# [WHAT THE EXERCISE ASKS]
Reproduce the records word for word, apart from the images they contain.

Pictures with short captions:
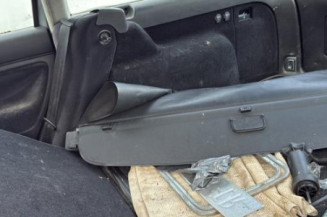 Calandre VOLKSWAGEN PASSAT 4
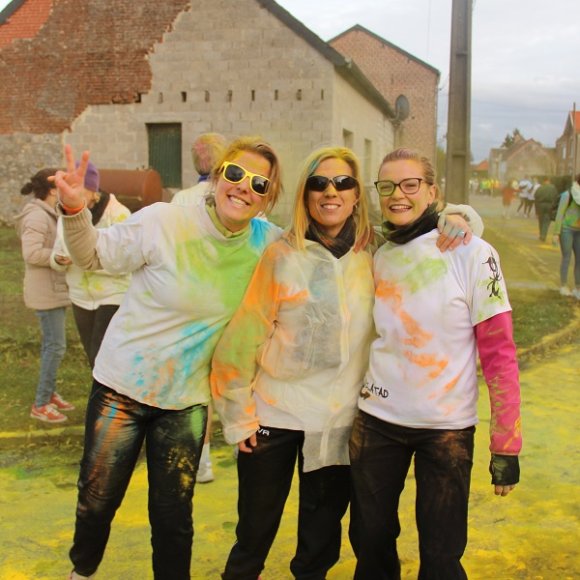 photo de participantes à la course des couleurs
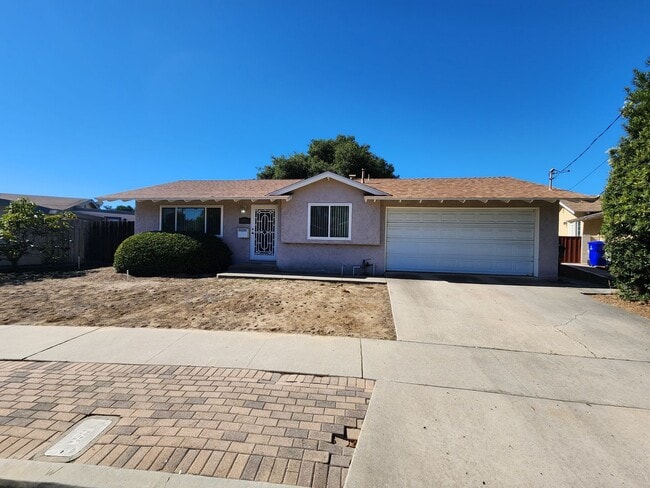 4102 Seri St in San Diego, CA - Building Photo - Building Photo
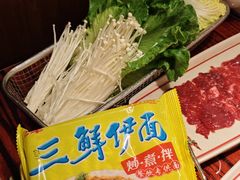 华丰三鲜意面-沙胆彪炭炉牛杂煲(上海日月光广场店)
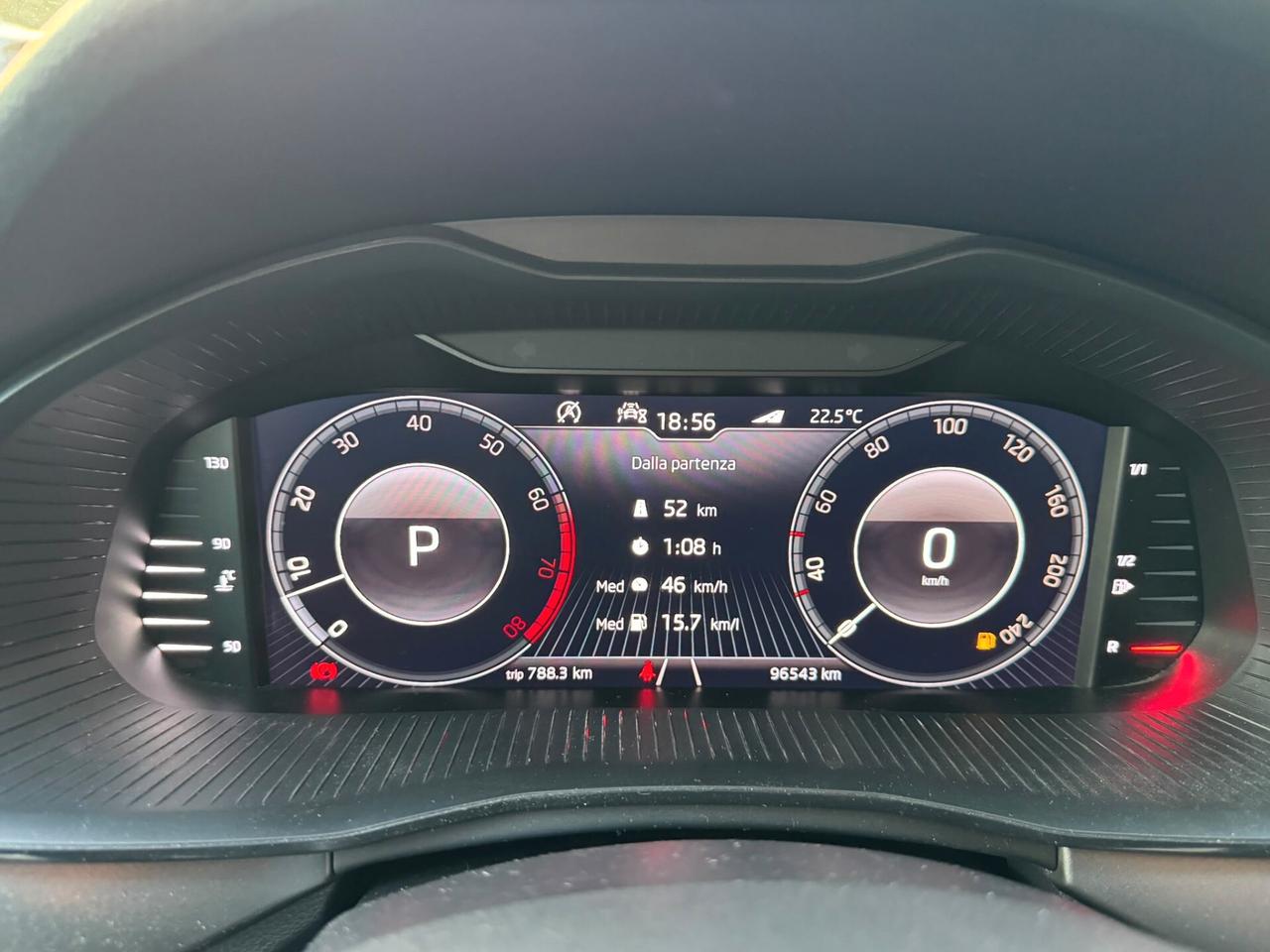 Skoda Kamiq 1.5 TSI ACT DSG ScoutLine *UNICOPROPRIETARIO*FULL OPTIONAL*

# [EXERCISE SOLUTION]
 Calandre VOLKSWAGEN PASSAT 4
 photo de participantes à la course des couleurs
 4102 Seri St in San Diego, CA - Building Photo - Building Photo
 华丰三鲜意面-沙胆彪炭炉牛杂煲(上海日月光广场店)
 Skoda Kamiq 1.5 TSI ACT DSG ScoutLine *UNICOPROPRIETARIO*FULL OPTIONAL*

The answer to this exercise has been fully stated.